§ **What you should do**
Where a picture appears, skip it; print everything else in the records exactly as it stands.

§ **Data supplied**
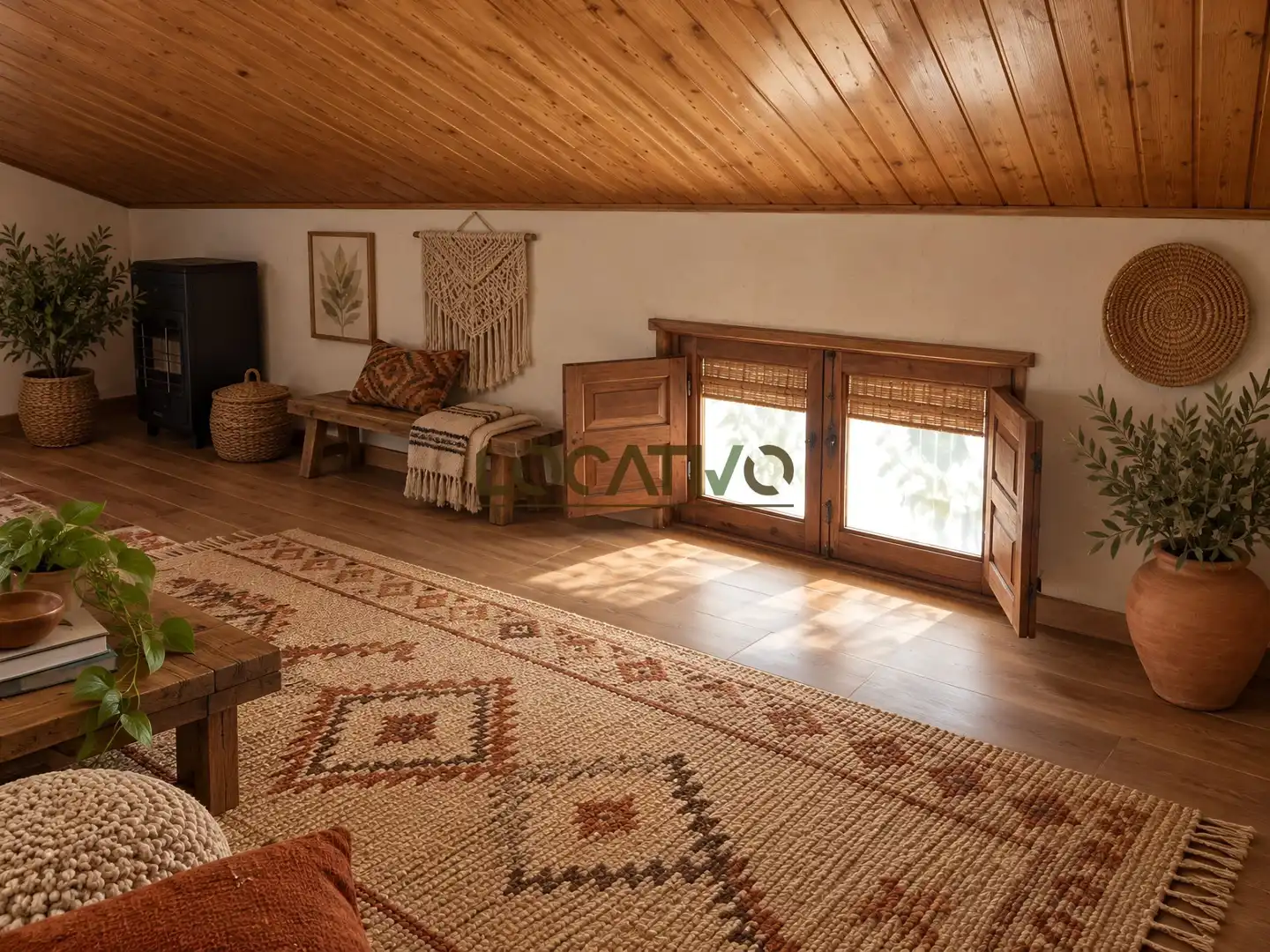 Casa en venta en Villanueva de la Vera, imagen 80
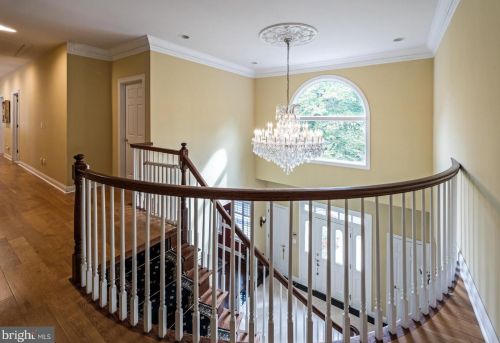 468 State Rd, Princeton NJ  08540-1412 exterior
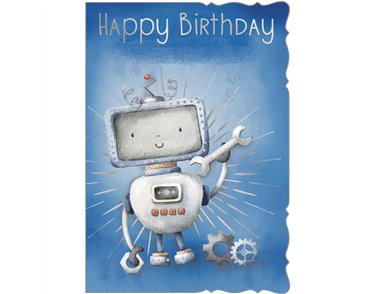 C50 CUTE MALE BIRTHDAY OOTB 6S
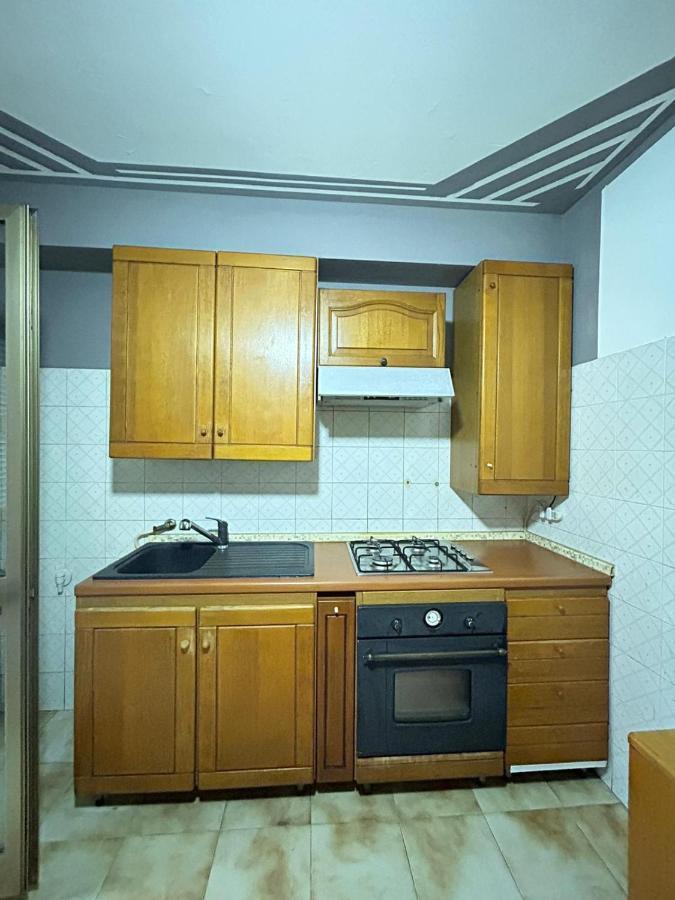 Casa L'au Appartement Rome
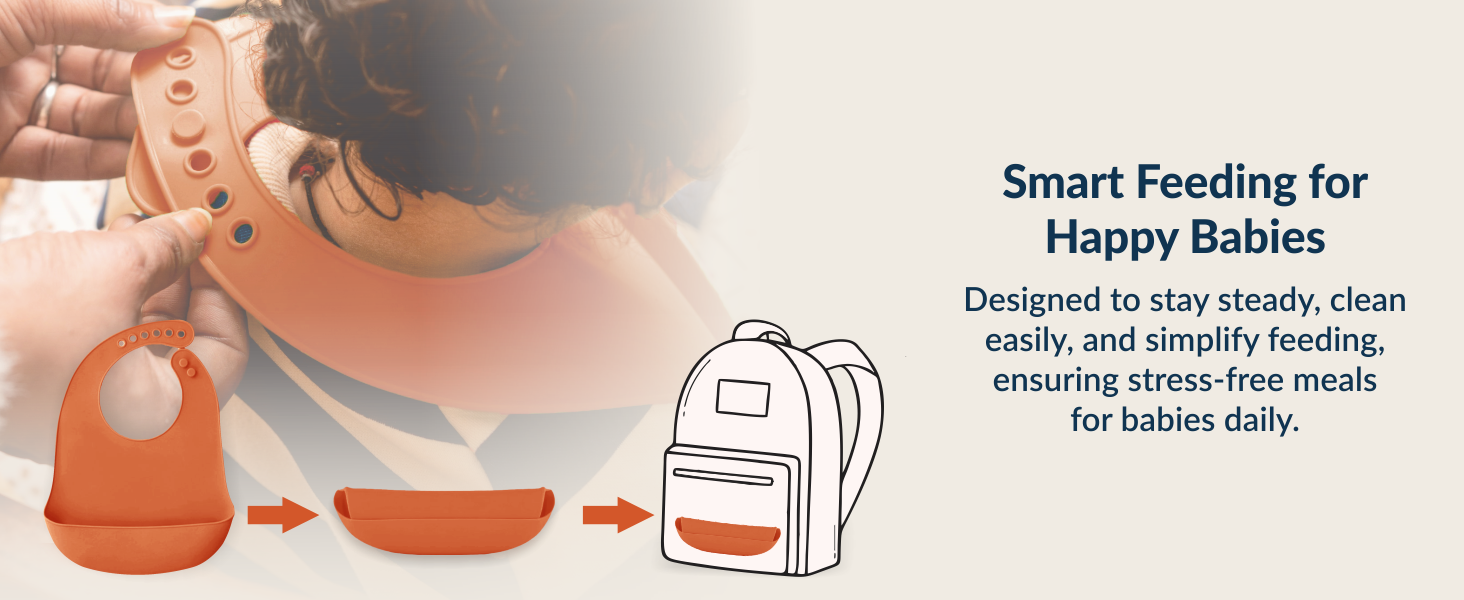 Cute Koala Mealtime Magic Feeding Set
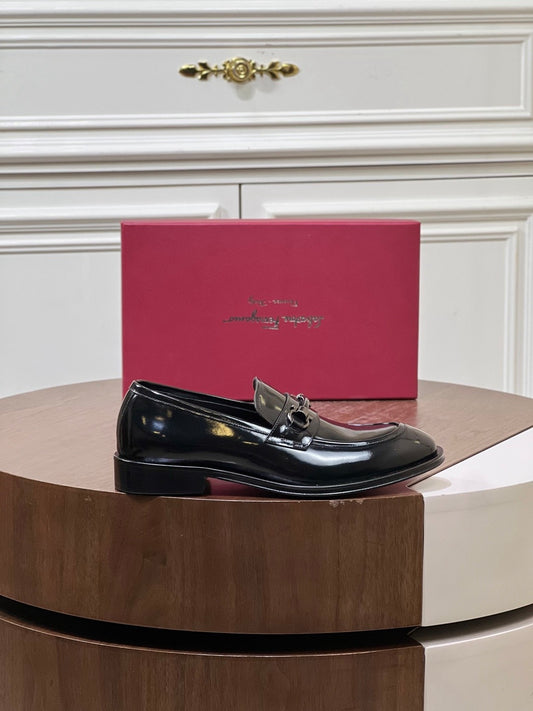 FG Loafer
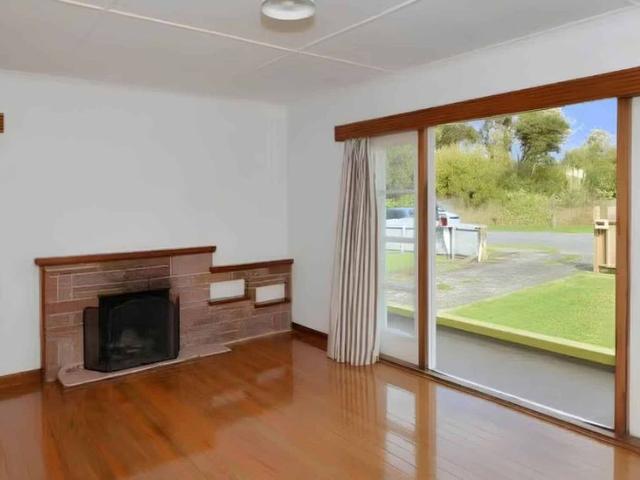 Handy to Hospital in Maunu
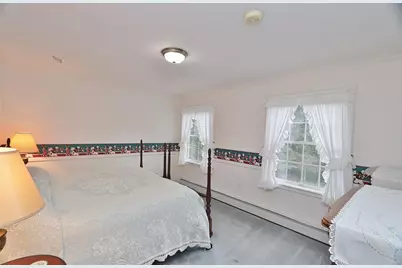 2101 Ohio Street, Bangor, ME 04401 - Photo 51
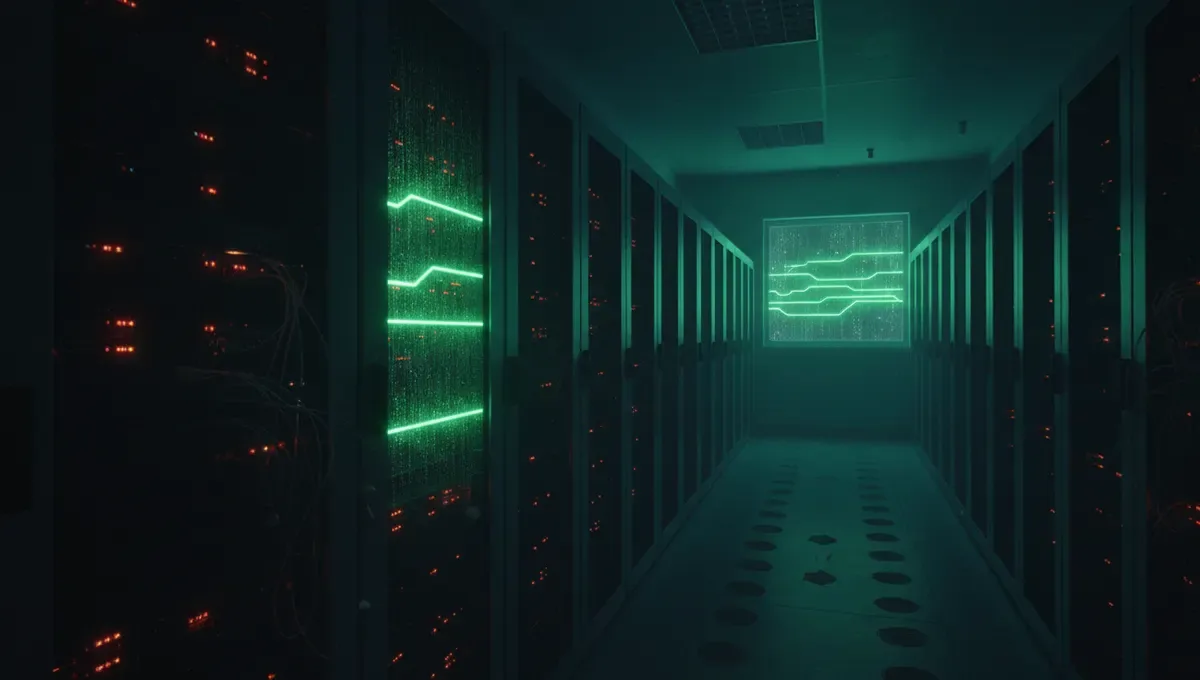Darknet Search Engine 2022: What Changed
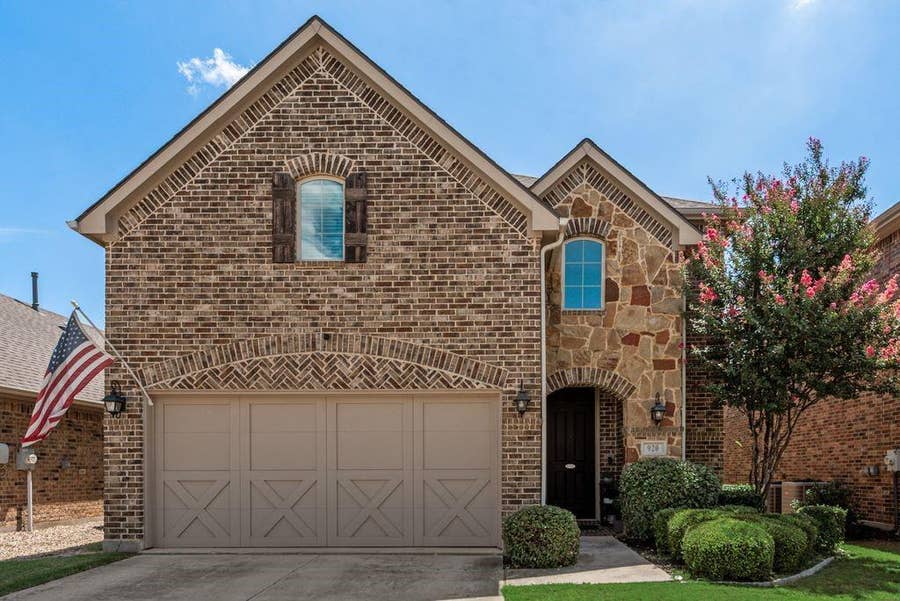 Property photo for 920 Sheldon Road, Argyle, TX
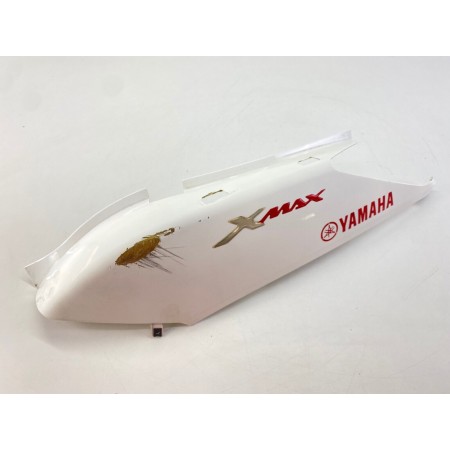 CARENADO LATERAL TRASERO IZQUIERDO YAMAHA X-MAX XMAX 125 250 2005-2009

§ **Problem solution**
 Casa en venta en Villanueva de la Vera, imagen 80
 468 State Rd, Princeton NJ  08540-1412 exterior
 C50 CUTE MALE BIRTHDAY OOTB 6S
 Casa L'au Appartement Rome
 Cute Koala Mealtime Magic Feeding Set
 FG Loafer
 Handy to Hospital in Maunu
 2101 Ohio Street, Bangor, ME 04401 - Photo 51
Darknet Search Engine 2022: What Changed
 Property photo for 920 Sheldon Road, Argyle, TX
 CARENADO LATERAL TRASERO IZQUIERDO YAMAHA X-MAX XMAX 125 250 2005-2009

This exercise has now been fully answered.